あわれ彼女は娼婦』(あわれかのじょはしょうふ、 'Tis Pity She's a Whore)は、英国ルネサンス期のイギリスの劇作家ジョン・フォード作による舞台作品である。1620年代に執筆され、コックピット座でヘンリエッタ王妃一座により、1629年から1633年の間に初演された可能性が高い[1]。1633年に書籍商リチャード・コリンズが初版を発行しており、ニコラス・オークがクォート版で印刷した。フォードはこの芝居を初代ピーターバラ伯爵及びターヴィ男爵ジョン・モーダントに献呈している。イタリアパルマを舞台に、愛ゆえに近親相姦という禁忌を犯してしまうジョヴァンニとアナベラ兄妹を中心に描かれる愛憎劇である。

1633年版

登場人物

  • 男性
    • ボナヴェンチュラ修道士 – 修道士で、ジョヴァンニの師[2]
    • 枢機卿 – ローマ教皇の特使
    • ソランゾ – 貴族、アナベラの求婚者でのちに夫
    • フローリオ – パルマの市民、アナベラとジョヴァンニの父
    • ドナード – パルマ市民でバーゲットのおじ
    • グリマルディ – ローマの紳士でアナベラの求婚者
    • ジョヴァンニ – フローリオの息子 (名前は四音節で発音する)[3][4]
    • バーゲット – ドナードの甥でアナベラの求婚者、のちにフィロティスに求婚し婚約
    • リチャーデット – ヒポリタの夫でフィロティスのおじ、医者に変装
    • ヴァスケス – ソランゾの忠実な召使
    • ポジオ – バーゲットの召使
    • 悪党たち – Outlaws, a criminal mob
    • 警吏たち
  • 女性
    • アナベラ – フローリオの娘
    • ヒポリタ – リチャーデットの妻、ソランゾの前の愛人
    • フィロティス – リチャーデットの姪、のちにバーゲットの婚約者
    • プターナ – アナベラの養育係(名前はイタリア語で「娼婦」を意味する"puttana"に由来する[5]

あらすじ

パルマ市民フローリオの子で、血のつながった兄妹であるジョヴァンニとアナベラは激しい恋に落ち、近親相姦の罪を知りながら結ばれてしまう。美しい娘であるアナベラにはパルマの貴族ソランゾ、ローマの良家の息子グリマルディ、間抜けなバーゲットなどの求婚者が多数おり、フローリオはソランゾを贔屓にしているが、アナベラはジョヴァンニ以外の誰にも心を動かさない。ソランゾは求婚者の中では最も有力な候補であったが、実はアナベラに求婚する以前に人妻ヒポリタと不倫関係に陥り、ヒポリタの夫が行方不明になった後に心替わりして捨てたという過去があった。求婚者のうち、バーゲットはアナベラを諦め、医師リチャーデットの姪フィロティスと婚約するが、実はリチャーデットはヒポリタの死んだはずの夫が変装した姿であった。アナベラはジョヴァンニの子を妊娠し、多数の求婚者の中から体面のためソランゾを選んで結婚することにする。グリマルディはフィロティスのおじである医師リチャーデットにそそのかされて恋敵ソランゾを殺そうとするが、暗闇で間違ってバーゲットを殺害してしまう。バーゲットのおじドナートは公正な裁きを求めるが、グリマルディは枢機卿に匿われ、裁きを受けずに故郷に帰ることになる。

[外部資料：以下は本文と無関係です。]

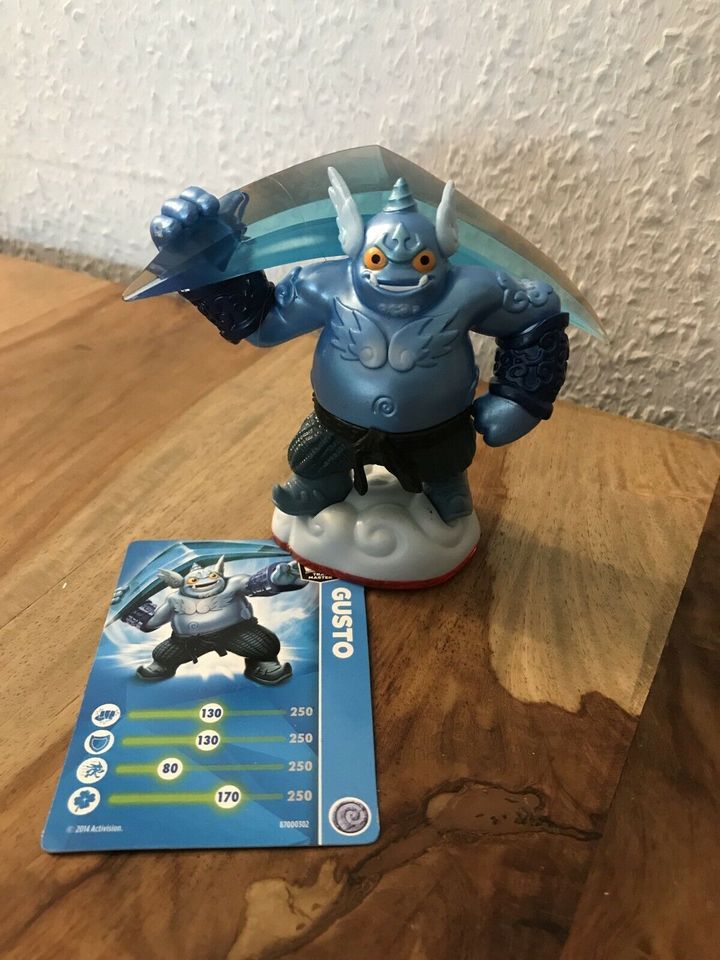 Skylanders Trap Team Gusto Figur mit Karte in Viersen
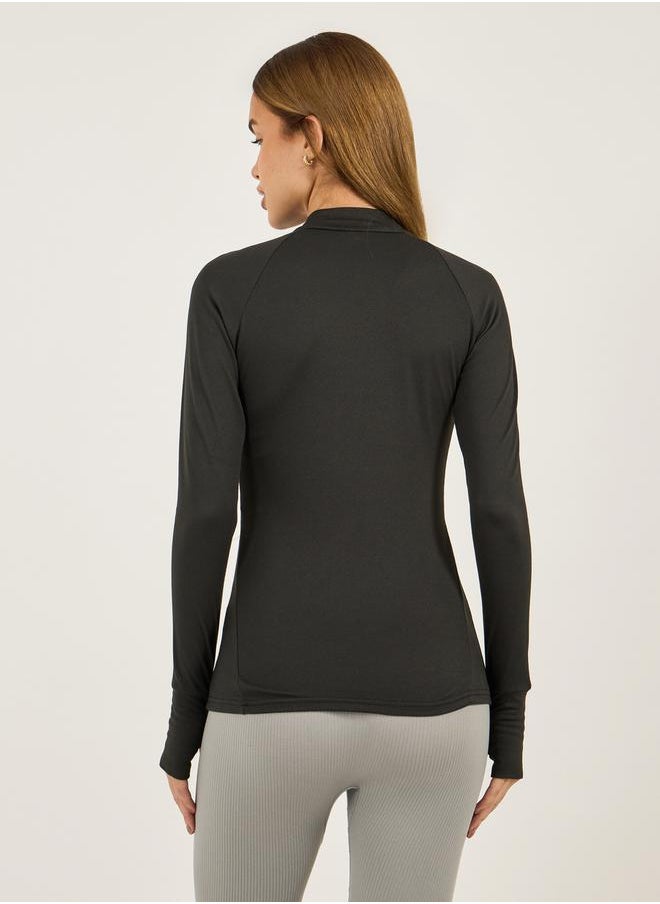 Styli Collar Dual Reflective Detail Jacket  - Image 5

一方ヒポリタは心替わりしたソランゾを恨み、ソランゾの召使いヴァスケスと通じて復讐をしようとする。ところがヴァスケスはソランゾに忠実であった。ソランゾとアナベラの婚礼の席で、ヒポリタはソランゾを毒殺しようとするが、ヴァスケスの策略でヒポリタが毒入りの酒を飲んで死ぬことになる。ヒポリタはソランゾをアナベラの結婚を呪って死ぬ。アナベラとソランゾはすぐ不仲になり、ソランゾは不倫に気付いてアナベラのお腹の子の父親を明かすよう迫るが、アナベラは答えない。ヴァスケスが策略を弄し、アナベラの乳母プターナをおだてて子どもの父親がジョヴァンニであることをかぎつける。ソランゾは復讐を誓い、一族を招いた大きな祝宴を計画する。ジョヴァンニとアナベラは祝宴に不吉なものを嗅ぎつける。窮地に陥ったジョヴァンニは心中のような形でアナベラを殺し、その心臓を持って宴席に出てソランゾを殺す。ヴァスケスがジョヴァンニを殺し、ヴァスケスは追放処分となる。枢機卿がアナベラのことを‘Who could not say, ’Tis pity she‘s a whore?’「あわれ彼女は娼婦であった、と言えぬ者があろうか」(このwhore=娼婦とは、この当時の英語では売春を職業とする女性ではなく、婚外性交渉を持った女性を指す)と言って芝居が終わる。

背景

フランスで兄妹で近親相姦を行ったとして1603年に処刑された、ラヴァレ家のジュリアンとマルグリットの実話をモデルにして制作された作品と言われている[6]

上演史

この芝居は王政復古期の初期に再演されており、サミュエル・ピープスは1661年にソールズベリ・コート座で上演を見ている。1894年にモーリス・メーテルリンクフランス語に翻訳し、『アナベラ』(Annabella)というタイトルでテアトル・ド・ルーヴルで上演された[7]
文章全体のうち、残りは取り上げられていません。